HTTP cache 101: scaling the web

I recently gave another read at my original post “REST better: HTTP cache” and I felt compelled to write a more in-depth dive into the subject, especially since it’s one of the most popular topics in this blog; at the same time, with the advent of new technologies such as sevice workers, people jumped into the bandwagon of offline applications without, in my opinion, understanding that the HTTP cache provides some basic but extremely interesting features for offline experiences — thus, I want to shed some light on one of the most ingenious sections of the HTTP protocol.

What is the HTTP cache?

First of all, let’s start by dividing HTTP into 2 entities:

the spec¹, which highlights how messages can be exchanged between clients and servers
the implementation (for example, Google Chrome is an HTTP client, Nginx implements an HTTP server and so on)

So, for example, with HTTP/2 we have seen a revamped implementation, one that brings TSL by default, that turned plaintext messages (the way messages were exchanged in HTTP/1) into binary, along with the introduction of multiplexing (in short: one connection can channel multiple requests and responses) and the likes — HTTP/2 was a massive upgrade to HTTP and is making the web a much safer, faster place. At the same time, the spec itself didn’t change as much, as the semantics of the protocol have been widely unaffected by HTTP/2.
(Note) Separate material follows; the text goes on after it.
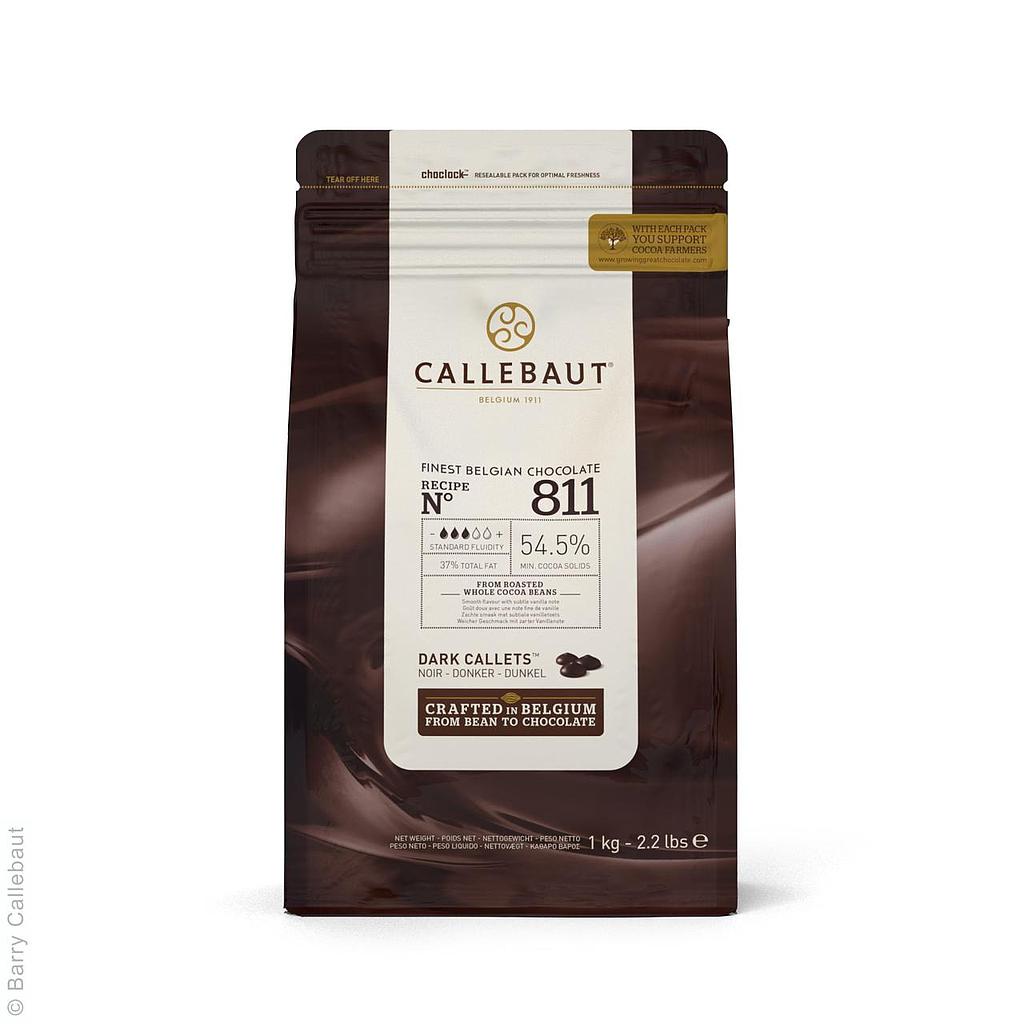 Callebaut 811 Dark Chocolate Callets 1kg (1kg Bag)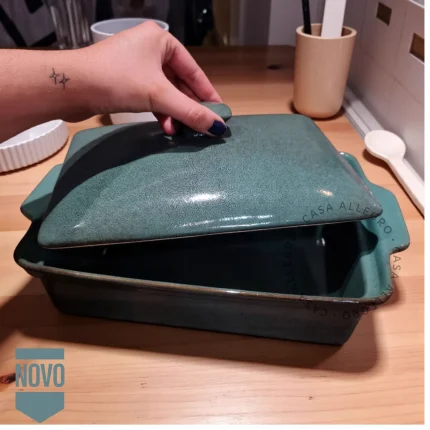 Caçarola Refrataria com Tampa Verde 28Cm LeOven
HTTP caching falls under the HTTP spec, as it’s simply a chapter that defines how messages can be cached by both clients & servers: the current version of the HTTP caching spec is RFC7234, so you can always head there and have a look by yourself.

The goal of the HTTP caching spec is, in short, to:

[…] significantly improve performance by reusing a prior response message to satisfy a current request.
RFC7234 tools.ietf.org/html/rfc7234/…

or, as some smart guy once said:

[…] never generate the same response twice
Ryan Tomayko Introducing Rack Cache

As you might have guessed, the HTTP cache is there so that we hit servers as less as possible: if we can re-use an existing response, why sending a request to the origin server? The request needs to cross the network (slow, and TCP is a “heavy” protocol), hit the origin server (which could do better without the additional load) and come back to the client. No bueno: if we can avoid all of that we, first of all, take a huge burden off our servers and, second, make the web faster, as clients don’t need to travel through the network to get the information they need.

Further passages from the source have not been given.